Re: Indirect Graph Identification from Sandro Hawke on 2012-09-11 (public-rdf-dawg-comments@w3.org from September 2012)

From: Sandro Hawke <sandro@w3.org>
Date: Tue, 11 Sep 2012 09:51:33 -0400
To: James Leigh <james@3roundstones.com>
CC: public-rdf-dawg-comments@w3.org
Message-ID: <504F41E5.4090608@w3.org>
Thanks for the details.

On 09/05/2012 11:13 AM, James Leigh wrote:
> Hi Sandro,
>
> If the GSP spec was changed to allow publication of URL patterns,
> instead of the RDF Graph Store URL (as it is today), 3 Round Stones
> would implement GSP in Callimachus and it would be included (by default)
> with every Callimachus deployment. However, in the spec's current form
> we would not implement the indirect graph identification portion.

Am I right in understanding that Callimachus is not a Graph Store 
(SPARQL database), but sits on top of one?     You're talking about the 
possibility of Callimachus providing a GSP interface to that underlying 
Graph Store?     What if it already implements one?

> Callimachus is a Linked Data Management System and as such security is a
> big concern. Callimachus' current authorization mechanism is based on
> the target request uri (before the query string). In the event the
> request is an indirect request, the authorization is based on the
> indirect target, which is encoded in the request path (not the query
> string).

Perhaps this is an irrelevant detail, but maybe not.    If the 
authorization is based on the indirect target, then why does it matter 
how it's encoded?

For example, let's say the underlying engine contains, in a graph named 
"http://example.com/g1", the triple <a> <b> <c>.

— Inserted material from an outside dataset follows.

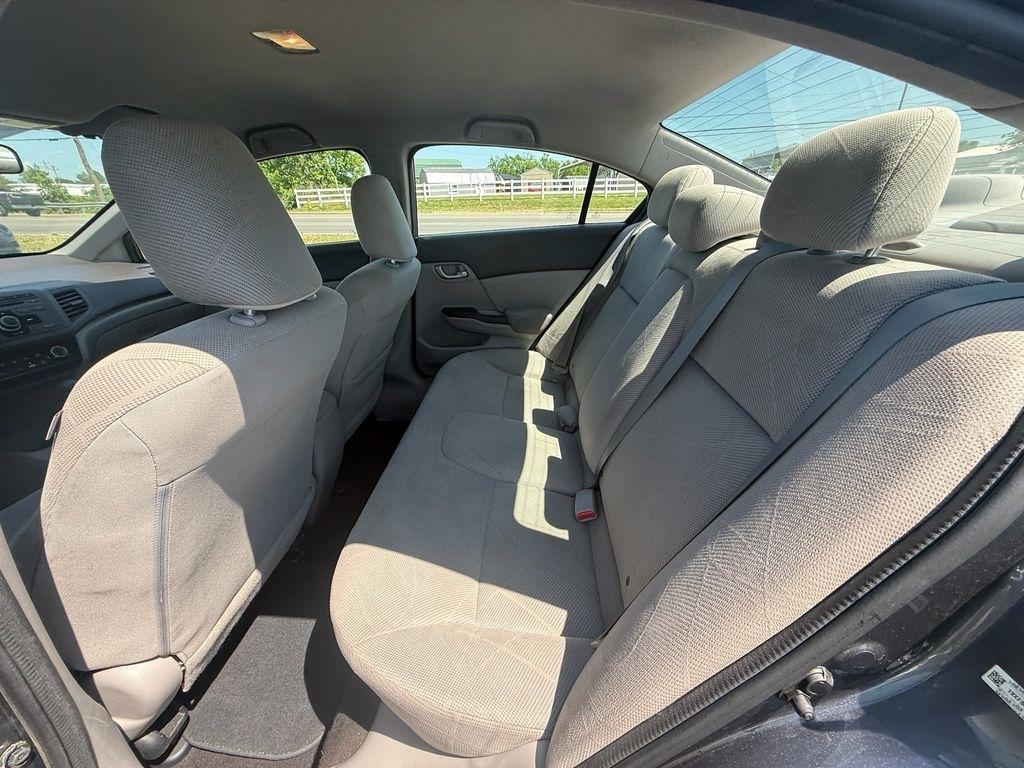 Honda Civic LX Sedan 5-Speed AT 2012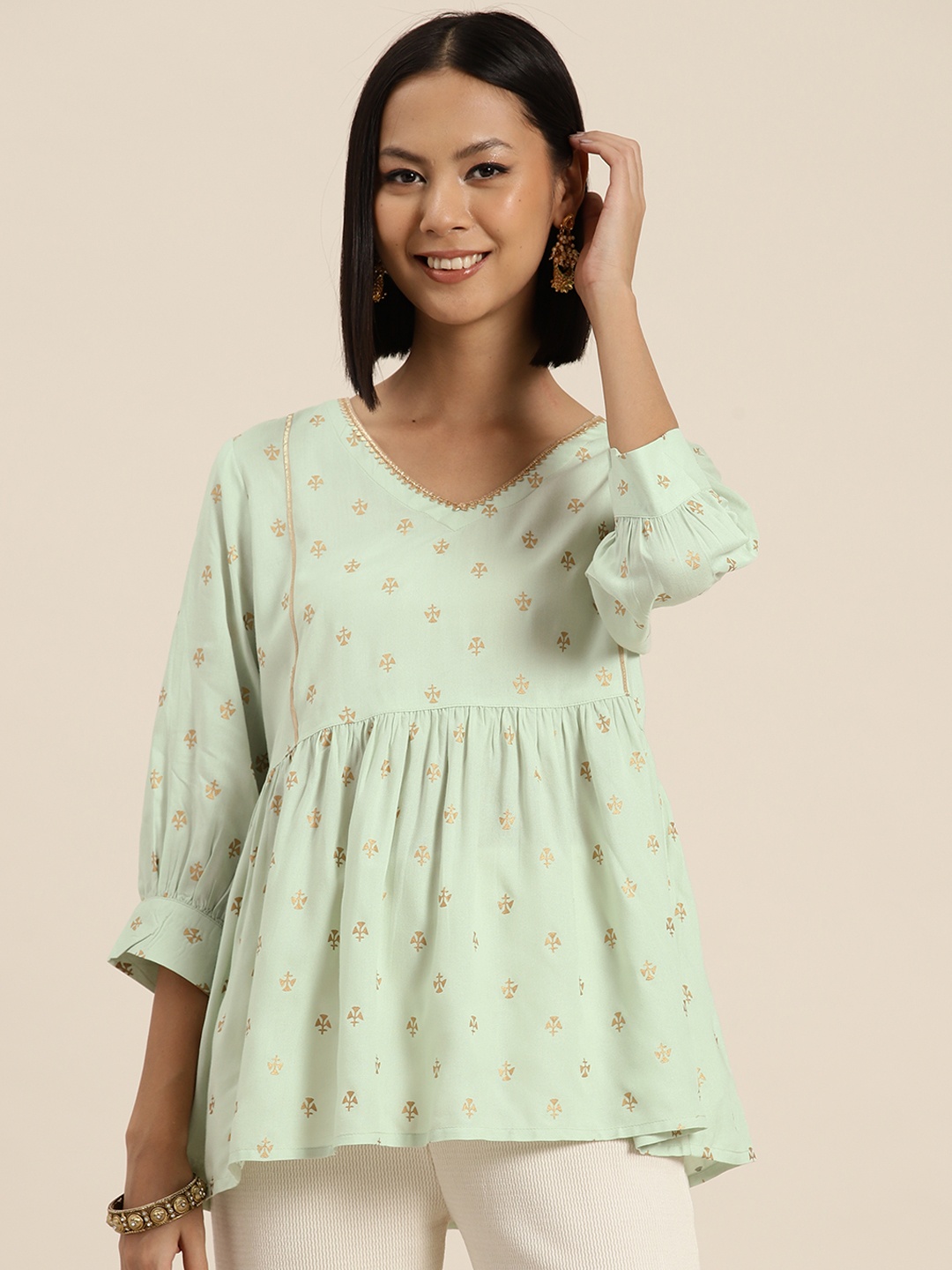 

HERE&NOW Ethnic Motifs Foil Printed V-Neck Gotta Patti Gotta Patti Pleated Kurti, Sea green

Let's say the "Graph Store" URI is http://s1.example.com/data. (Note 
that there is currently no standard way to find this out from anywhere.  
It might be in some Service Description, but not in any standard way.)

So, GSP says I could get that <a> <b> <c> by doing a GET from (ignoring 
URL encoding):

http://s1.example.com/data?graph=http://example.com/g1

I think you're saying Callimachus will be answering URIs starting 
"http://s1.example.com/data", and will need to make some access control 
decision.

I understand you want the URL to be able to look more like:

http://s1.example.com/data/indirect/http://example.com/g1

So, the idea is that the access control rule can be based on 
"http://s1.example.com/data/indirect/http://example.com/g1", but it 
can't be based on 
"http://s1.example.com/data?graph=http://example.com/g1" because the 
query part is stripped off before the access control logic sees the URL?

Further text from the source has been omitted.